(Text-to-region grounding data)

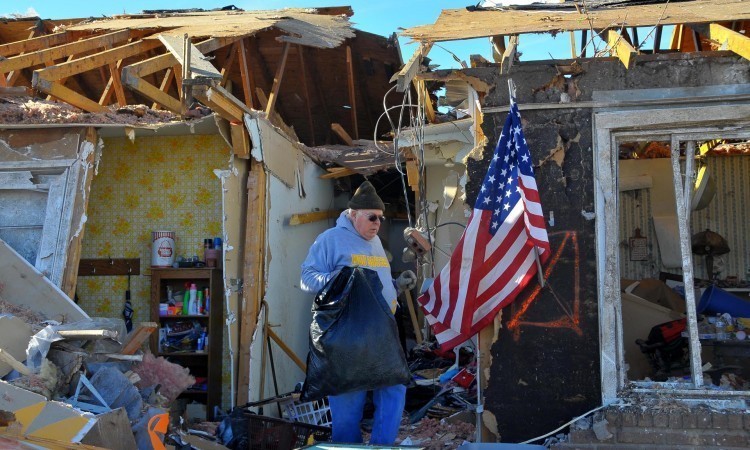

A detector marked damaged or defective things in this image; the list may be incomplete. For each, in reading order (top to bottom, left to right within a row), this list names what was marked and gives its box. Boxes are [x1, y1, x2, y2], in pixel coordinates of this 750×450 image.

torn ceiling edge [66, 8, 356, 48]
torn ceiling edge [402, 0, 750, 41]
torn ceiling edge [0, 115, 223, 138]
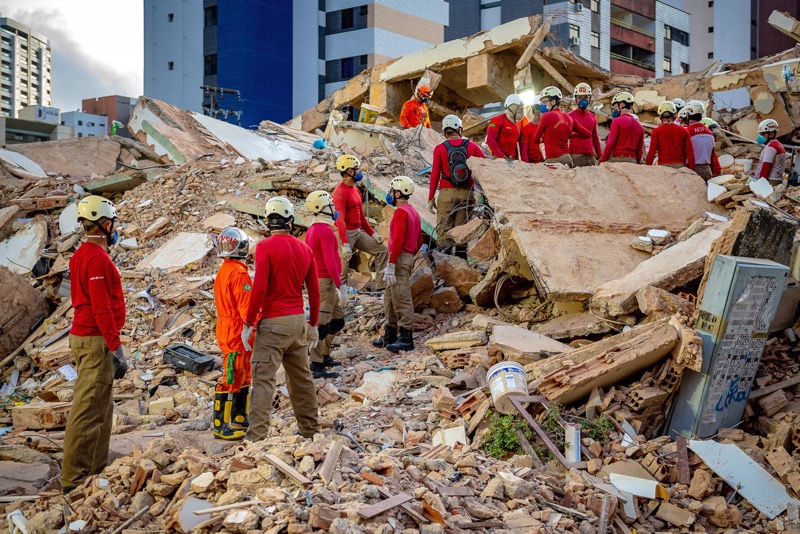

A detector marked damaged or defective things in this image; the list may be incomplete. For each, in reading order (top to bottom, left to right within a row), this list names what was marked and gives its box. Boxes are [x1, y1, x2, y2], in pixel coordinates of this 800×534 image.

_Exercise goal:_ The whole of the data needs to be copied word for word, though not its pictures.

_Result for this exercise:_
A detector marked damaged or defective things in this image; the list may be incomplete. For each, in reading order (top to bottom, left to right within a row), this list names what was marked and gives its box. Boxes are [x1, y1, x2, y2], in pixel coordinates of this 750×450 image.

torn ceiling edge [66, 8, 356, 48]
torn ceiling edge [402, 0, 750, 41]
torn ceiling edge [0, 115, 223, 138]

A detector marked damaged or defective things in this image; the list may be incomplete. For each, in reading order (top to bottom, left to right within a row), this list names what was marked and gives its box. Boxes are [x1, y1, x2, y2], in pixel coordinates of this 800×534 image.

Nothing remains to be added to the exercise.